From the time my daughter was old enough to understand my words I have been telling her that she comes from a long line of strong women. I would tell her this as she cried on my shoulder after skinning her knee riding bike or when she inconsolably awaited her immunizations in the pediatricians office. It wasn't a ploy to sooth or quiet her...it was truth. From my maternal grandmother raising ten feisty children on a farm during the depression years, to my mom acting as a second mother to her siblings while still a child herself and a few short years later scraping meals together for her own children on a tight military budget. While what makes the women in our family strong may differ from generation to generation, the reason for their strength is consistent...love of family and a resolve to not only survive but flourish during tough times. To crack a joke and offer a warm hug to any in need even in the darkest moments. To draw strength by helping others around them in need when they themselves have little left to give.
If you would ask either my grandmother or mother, neither would ever have considered themselves strong or special in any way for what they thought to be simply fulfilling their obligations. And in fact, in my youth I saw nothing remarkable about their sacrifice and often took it for granted. I am ashamed to say there were times especially in my teen years where I would gladly have traded my tough mother for one that kindly cooed and coddled me instead of teaching me to toughen up myself. From these women I learned that the scars we acquire along life's path are what makes us beautiful....so long as we choose to gain strength from them instead of allowing those scars to remain gaping wounds preventing love from healing the heart and soul. Today I can say my scars are my most valued personal acquisitions. They make me who I am, they have built a foundation for how I treat others as well as myself.

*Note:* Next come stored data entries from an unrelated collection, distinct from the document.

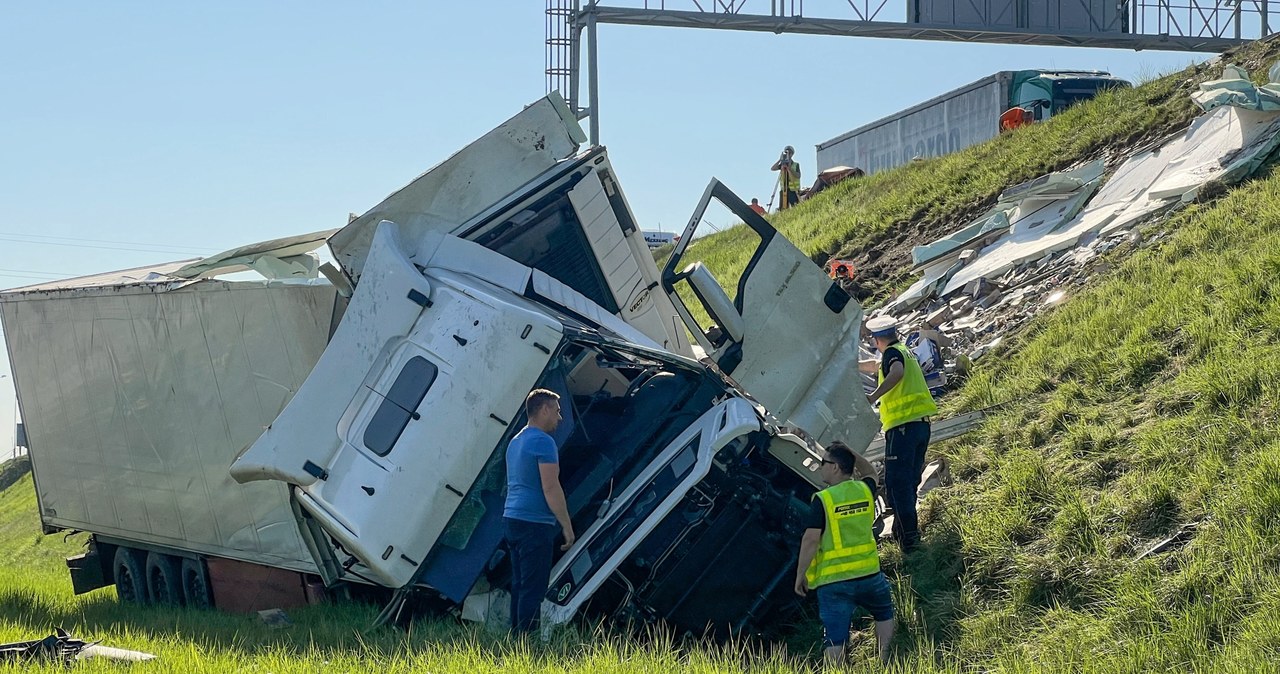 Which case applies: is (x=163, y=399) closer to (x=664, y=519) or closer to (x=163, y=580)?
(x=163, y=580)

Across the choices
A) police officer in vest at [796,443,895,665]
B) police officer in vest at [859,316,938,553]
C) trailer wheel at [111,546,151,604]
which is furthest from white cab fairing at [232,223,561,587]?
trailer wheel at [111,546,151,604]

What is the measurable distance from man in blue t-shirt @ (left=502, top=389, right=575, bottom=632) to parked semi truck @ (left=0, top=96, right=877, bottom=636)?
128 mm

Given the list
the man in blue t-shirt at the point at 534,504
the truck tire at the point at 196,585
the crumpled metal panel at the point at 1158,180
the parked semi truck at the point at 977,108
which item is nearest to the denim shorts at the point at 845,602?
the man in blue t-shirt at the point at 534,504

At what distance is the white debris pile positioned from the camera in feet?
35.3

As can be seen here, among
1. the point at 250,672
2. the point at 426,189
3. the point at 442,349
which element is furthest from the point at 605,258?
the point at 250,672

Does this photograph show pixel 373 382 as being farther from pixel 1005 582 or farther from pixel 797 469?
pixel 1005 582

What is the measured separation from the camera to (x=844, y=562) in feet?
19.6

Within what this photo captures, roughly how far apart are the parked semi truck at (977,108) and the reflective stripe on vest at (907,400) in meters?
14.2

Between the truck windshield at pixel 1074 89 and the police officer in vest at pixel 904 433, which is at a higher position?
the truck windshield at pixel 1074 89

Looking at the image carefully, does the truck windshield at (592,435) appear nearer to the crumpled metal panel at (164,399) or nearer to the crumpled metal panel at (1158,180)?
the crumpled metal panel at (164,399)

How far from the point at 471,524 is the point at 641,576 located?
88 centimetres

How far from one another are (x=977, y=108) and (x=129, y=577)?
649 inches

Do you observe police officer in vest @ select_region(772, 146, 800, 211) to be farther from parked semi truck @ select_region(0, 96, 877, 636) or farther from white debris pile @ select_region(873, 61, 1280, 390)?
parked semi truck @ select_region(0, 96, 877, 636)

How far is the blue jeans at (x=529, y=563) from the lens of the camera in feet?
19.5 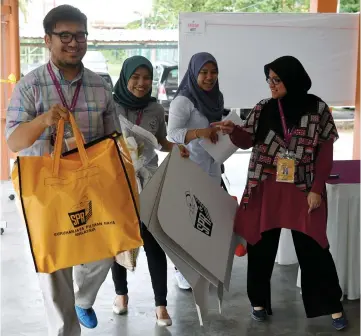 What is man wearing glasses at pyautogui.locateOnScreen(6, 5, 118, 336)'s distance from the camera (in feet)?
6.70

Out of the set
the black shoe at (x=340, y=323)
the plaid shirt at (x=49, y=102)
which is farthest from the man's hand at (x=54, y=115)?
the black shoe at (x=340, y=323)

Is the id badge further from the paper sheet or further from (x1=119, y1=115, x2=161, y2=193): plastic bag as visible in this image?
(x1=119, y1=115, x2=161, y2=193): plastic bag

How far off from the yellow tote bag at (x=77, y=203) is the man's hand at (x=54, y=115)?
0.02 meters

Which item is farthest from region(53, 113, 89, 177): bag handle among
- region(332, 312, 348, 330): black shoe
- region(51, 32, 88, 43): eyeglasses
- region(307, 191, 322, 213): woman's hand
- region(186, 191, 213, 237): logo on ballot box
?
region(332, 312, 348, 330): black shoe

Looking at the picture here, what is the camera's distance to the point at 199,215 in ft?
8.18

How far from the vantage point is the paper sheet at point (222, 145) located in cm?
281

My family is large and certainly does not lack in volume of females, with my mother's seven sisters and their off spring. But over the years my "family" of strong women has grown even larger to include my wonderfully kind hearted mother and sister in laws as well as some of the most amazingly strong female friends I am proud to call my "sisters." Some have earned their battle scars by surviving violent crime, domestic abuse or by beating cancer. Others by living with debilitating disease, raising a family as a single mom, bravely mothering their child with cancer or by fighting for their marriage and refusing to throw away their families. Others gained their strength by surviving and growing through heart breaking loss of parents, spouses and even children. Some do battle every day flexing their muscles as our nurses, teachers, mothers and volunteer care takers....loving and nurturing while taking abuse themselves always turning their cheek. They inspire all of us by quietly volunteering tirelessly, by refusing to give up on their dreams and getting up to try again over and over instead of giving up. These women are my heroes, my friends and my soul sisters. They not only survive and provide, they also teach, comfort, forgive, laugh and give joy to others....not despite, but because of their scars.